* [Exercise description]:
Please print every record exactly as it stands, leaving out the pictures.

* [Entries taken from a collection]:
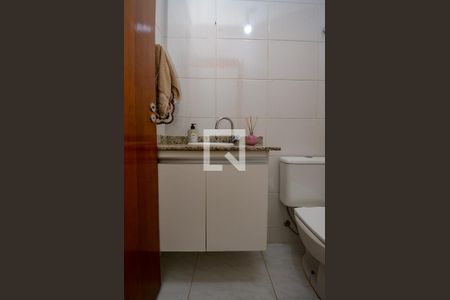 Casa à venda com 233m², 4 quartos e 4 vagasBanheiro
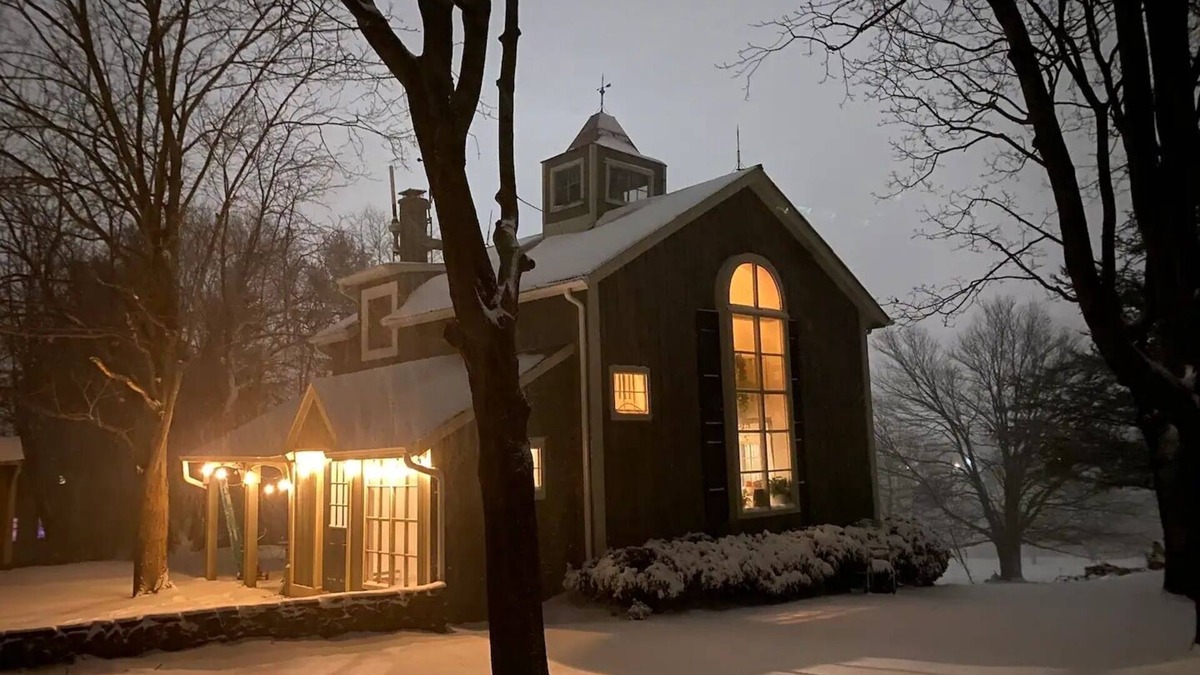 Flemington Cabin | Modern carriage house, newly renovated w beautiful views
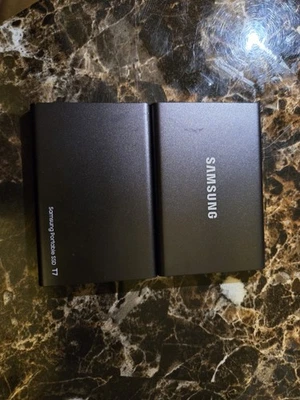 SSD Externo Portátil Samsung T7 4 TB USB 3.2 Gen 2 1050mb/S Gris Foto 1 de 2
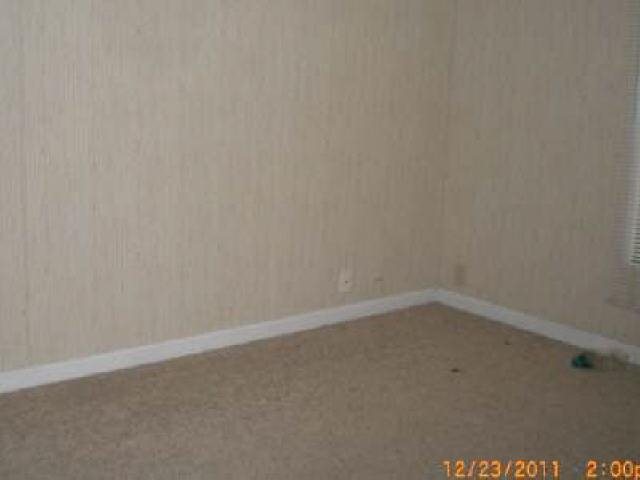 233 Pinewood Dr, Cornelia, GA 30531 photo 4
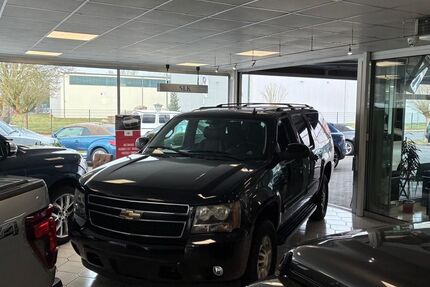 Chevrolet Suburban 260.000 km 12.900 &euro; Barmstedt 25355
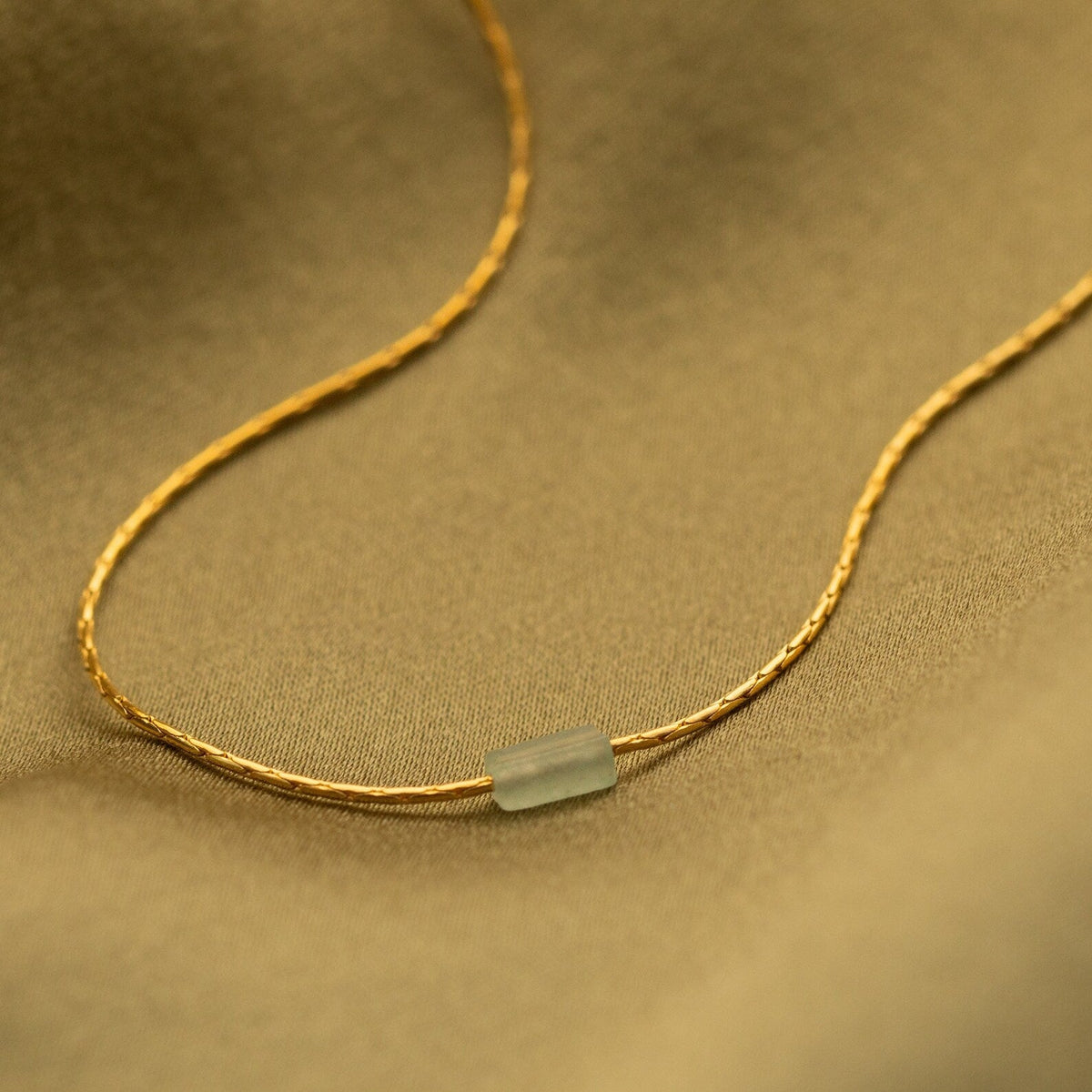 Dainty aventurine bar necklace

* [Result]:
 Casa à venda com 233m², 4 quartos e 4 vagasBanheiro
 Flemington Cabin | Modern carriage house, newly renovated w beautiful views
 SSD Externo Portátil Samsung T7 4 TB USB 3.2 Gen 2 1050mb/S Gris Foto 1 de 2
 233 Pinewood Dr, Cornelia, GA 30531 photo 4
 Chevrolet Suburban 260.000 km 12.900 &euro; Barmstedt 25355
 Dainty aventurine bar necklace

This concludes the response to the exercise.